FlureeLabs

SHACL Implementation

This is the contributor-facing guide to how SHACL validation is wired into Fluree. It covers the pipeline, the crate layout, and the places you'll want to touch when fixing a bug or adding a constraint.

User-facing docs: Cookbook: SHACL Validation and Setting Groups — SHACL.

Pipeline at a glance

Transaction flakes
        │
        ▼
┌─────────────────────────────────────────────────────────────────┐
│ fluree-db-transact :: stage()                                   │
│   stages flakes into a StagedLedger (novelty overlay)             │
└─────────────────────────────────────────────────────────────────┘
        │
        ▼
┌─────────────────────────────────────────────────────────────────┐
│ fluree-db-api :: apply_shacl_policy_to_staged_view()            │
│   (shared post-stage helper — called from every write surface)  │
│                                                                 │
│  1. load_transaction_config(ledger)                             │
│  2. build_per_graph_shacl_policy(config, graph_delta)           │
│     → HashMap<GraphId, ShaclGraphPolicy>                        │
│  3. resolve_shapes_source_g_ids(config, snapshot)               │
│     → Vec<GraphId>  (where to compile shapes from)              │
│  4. ShaclEngine::from_dbs_with_overlay(&[GraphDbRef], ledger)   │
│  5. validate_view_with_shacl(view, cache, ..., per_graph_policy)│
│     → ShaclValidationOutcome { reject, warn }                   │
│  6. log warn bucket; propagate ShaclViolation for reject bucket │
└─────────────────────────────────────────────────────────────────┘

Crate layout

CrateRole
fluree-db-shaclSHACL engine: shape compilation, cache, per-node validation, constraint evaluators. No transaction-layer concerns.
fluree-db-transactStaged-validation plumbing: validate_view_with_shacl, validate_staged_nodes. Knows about StagedLedger, staged flakes, and graph routing. Defines the per-graph policy types.
fluree-db-apiConfig resolution, policy building, and the shared helper that every write surface (JSON-LD, Turtle, commit replay) calls through.

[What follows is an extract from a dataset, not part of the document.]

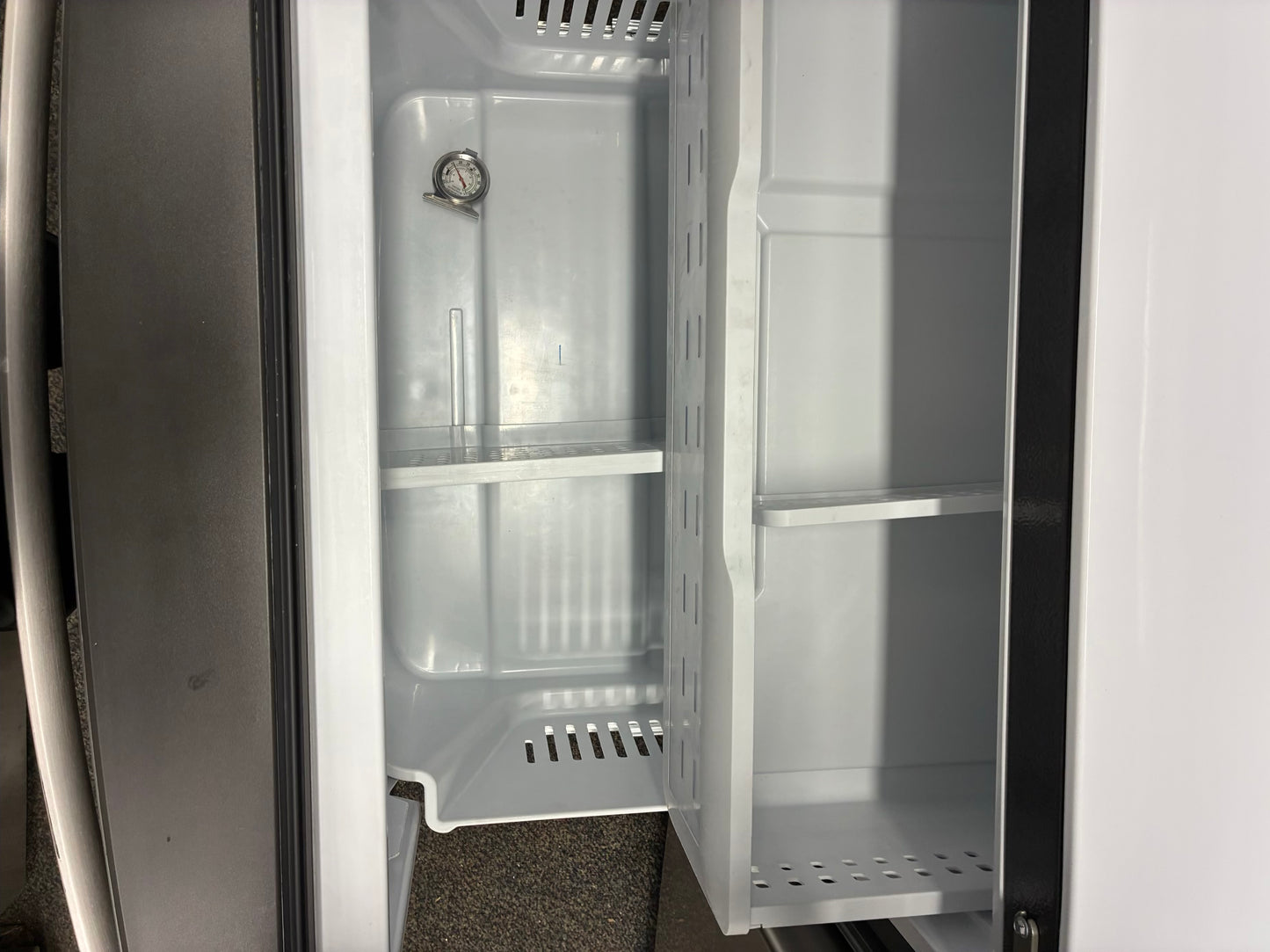 GE French door refrigerator stainless steel 36” ice maker water dispenser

SHACL is feature-gated (shacl). See Standards and feature flags.

The shared post-stage helper

All SHACL-enforced write surfaces route through apply_shacl_policy_to_staged_view in fluree-db-api/src/tx.rs:

pub(crate) async fn apply_shacl_policy_to_staged_view(
    view: &StagedLedger,
    ctx: StagedShaclContext<'_>,
) -> Result<(), TransactError>

StagedShaclContext carries everything that varies between call sites:

FieldPopulated by JSON-LD txnPopulated by Turtle insertPopulated by commit replay
graph_deltaSome(&txn.graph_delta) (IRIs)NoneSome(&routing.graph_iris)
graph_sidsSome(&graph_sids)NoneSome(&routing.graph_sids)
trackeroptions.trackerNoneNone

Why not fold this into fluree-db-transact? Config resolution (three-tier merge, override control, per-graph lookup) is API-layer policy, not a staging primitive. Keeping the helper in tx.rs lets fluree-db-transact stay focused on staging mechanics.

Call sites:

  • fluree-db-api/src/tx.rs::stage_with_config_shacl (JSON-LD / SPARQL UPDATE txns)
  • fluree-db-api/src/tx.rs::stage_turtle_insert (plain Turtle)
  • fluree-db-api/src/commit_transfer.rs (push / replay)

Config resolution

Ledger-wide and per-graph policy

build_per_graph_shacl_policy(config, graph_delta) returns Option<HashMap<GraphId, ShaclGraphPolicy>>:

  • Graphs absent from the map are disabled — their staged subjects are skipped by the validator.
  • ShaclGraphPolicy { mode: ValidationMode } controls warn vs reject for that graph.
  • The default graph (g_id=0) always gets the ledger-wide resolved policy when SHACL is enabled.
  • Every graph in graph_delta is resolved independently via config_resolver::resolve_effective_config(config, Some(graph_iri)), which applies the three-tier merge (query-time → per-graph → ledger-wide) under override-control rules.
  • Returns None when every graph resolves to disabled → the helper short-circuits before building the SHACL engine.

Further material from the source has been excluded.